#### Provided records:
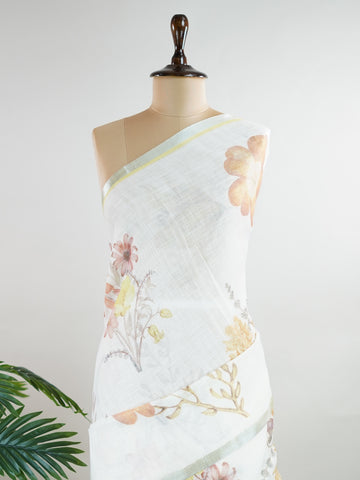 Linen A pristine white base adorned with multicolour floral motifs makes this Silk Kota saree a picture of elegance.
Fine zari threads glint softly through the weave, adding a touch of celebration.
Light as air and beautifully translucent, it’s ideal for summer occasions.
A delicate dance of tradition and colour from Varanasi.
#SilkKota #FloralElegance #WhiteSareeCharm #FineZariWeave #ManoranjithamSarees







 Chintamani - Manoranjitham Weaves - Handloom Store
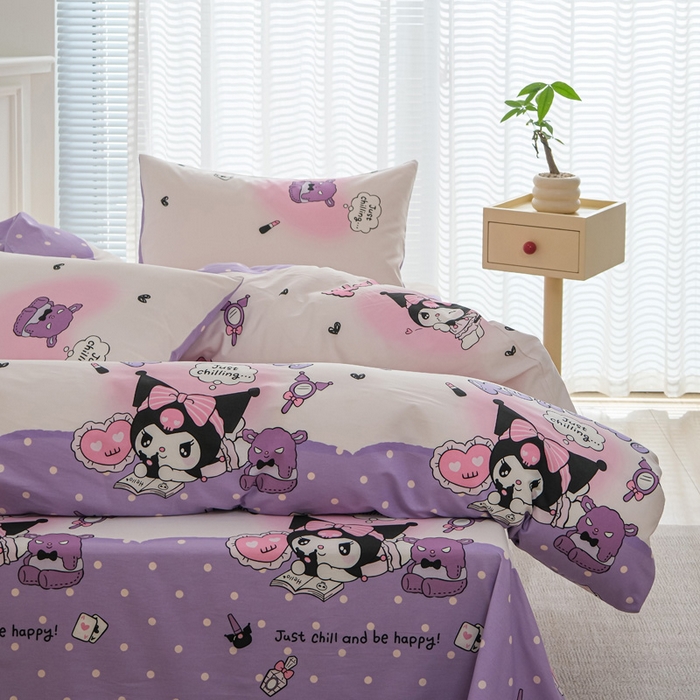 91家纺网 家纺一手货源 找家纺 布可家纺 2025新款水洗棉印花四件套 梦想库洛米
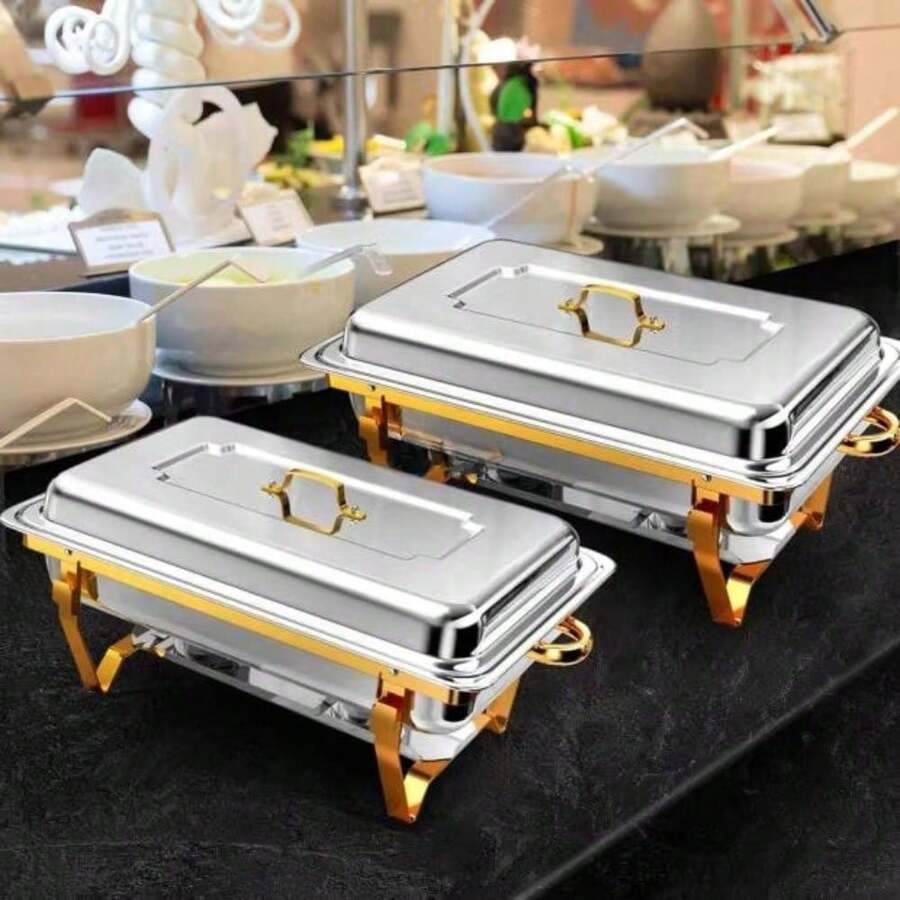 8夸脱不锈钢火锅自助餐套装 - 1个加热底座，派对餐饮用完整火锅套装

#### Exercise goal:
The lines to repeat run from the line containing "Light as air" through the last line of the material above; give them exactly, without the pictures.

#### Reply:
Light as air and beautifully translucent, it’s ideal for summer occasions.
A delicate dance of tradition and colour from Varanasi.
#SilkKota #FloralElegance #WhiteSareeCharm #FineZariWeave #ManoranjithamSarees







 Chintamani - Manoranjitham Weaves - Handloom Store
 91家纺网 家纺一手货源 找家纺 布可家纺 2025新款水洗棉印花四件套 梦想库洛米
 8夸脱不锈钢火锅自助餐套装 - 1个加热底座，派对餐饮用完整火锅套装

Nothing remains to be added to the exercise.